Lundi
30 juillet
Je me sens déprimé et trop seul ces jours-ci. J‘aimerais
avoir avec moi Gauguin ou un autre avec qui me concerter
sur mon travail. De fois, je ne sais plus où j'en suis
ou si, comme me l'a déjà dit Theo, je me suis engagé
sur une mauvaise voie.
Mardi 31 juillet
Je me suis fait copain avec un facteur. Bon buveur et discoureur,
un personnage très socratique. Républicain engagé,
il est très intéressant. Il va poser pour moi.
J'ai étalé
mes toiles sur les mur, ça fait comme une exposition chez
moi. Si au moins des amateurs pouvaient venir voir mon travail...
Mercredi
1er août
J’ai attaqué la toile du facteur. Il pose bien avec
son bel uniforme.
J’ai grand besoin d’études de figures.
Jeudi 2 août
L'oncle Cent est mort. On va dire maintenant que c'était
un homme exceptionnel, or, pour moi, il ne l'a pas été.

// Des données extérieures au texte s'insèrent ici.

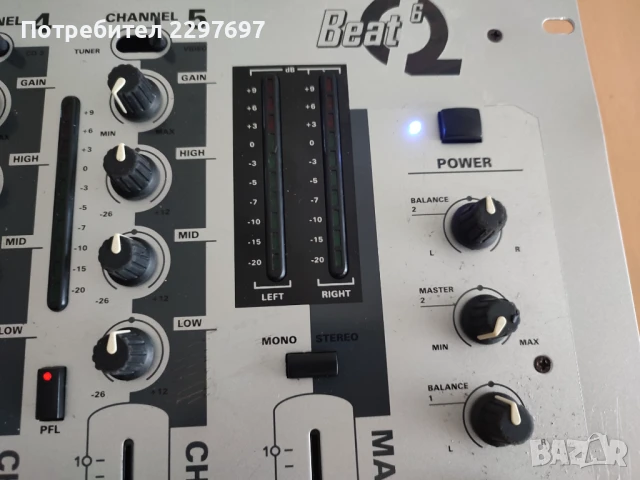 Пулт смесител професионален DJ миксер "JB-Systems Beat 6", снимка 10 - Ресийвъри, усилватели, смесителни пултове - 50535597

Il n’a jamais cru en moi. Avec tout l’argent que lui
a rapporté l’art, il aurait pu m’aider.
Comme la vie est courte et comme elle n'est que fumée.
Vendredi 3 août
Russell m’a écrit de Bel Isle. Il voudrait que je
vienne le voir. Mais pas question de bouger d‘ici pour le
moment. Je vais garder ma maison jaune encore au moins six mois.
D'après ce qu'il dit, Gauguin me rejoindra sous peu.
L’été
est maintenant magnifique, la verdure est très dense, très
riche, le ciel clair, étonnement transparent.

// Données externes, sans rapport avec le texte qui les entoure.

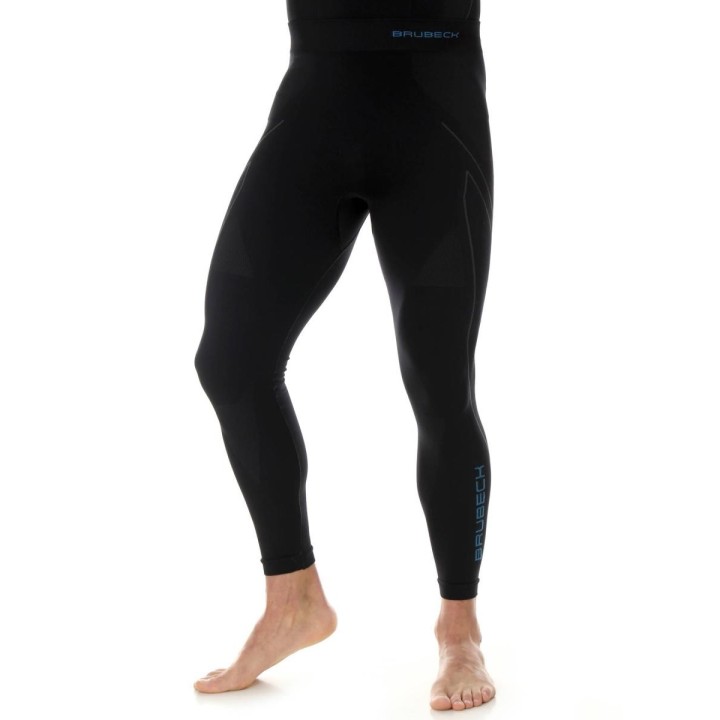 Brubeck Thermo - Czarny - Getry ocieplające termoaktywne motocyklowe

Ce qui me plaît beaucoup ici, ce sont les vêtements
bigarrés des femmes.
Tout me paraît parfois aussi formidablement joyeux que la
Hollande est triste.
Samedi 4 août
J'ai vu ce soir un bateau chargé de charbon à quai
sur le Rhône. Il luisait sous la pluie. On aurait dit un
Hokusai. Je vais en faire une peinture.
Dimanche
5 août
La femme du facteur vient d'accoucher. L'homme était heureux.
Je l'ai peint avec son visage qui luisait de satisfaction. Faire
du portrait m'apprend beaucoup plus que le paysages. Il a promis
de poser encore pour moi et peut-être sa femme et le bébé.
Je peins tout cela plus volontiers que des fleurs.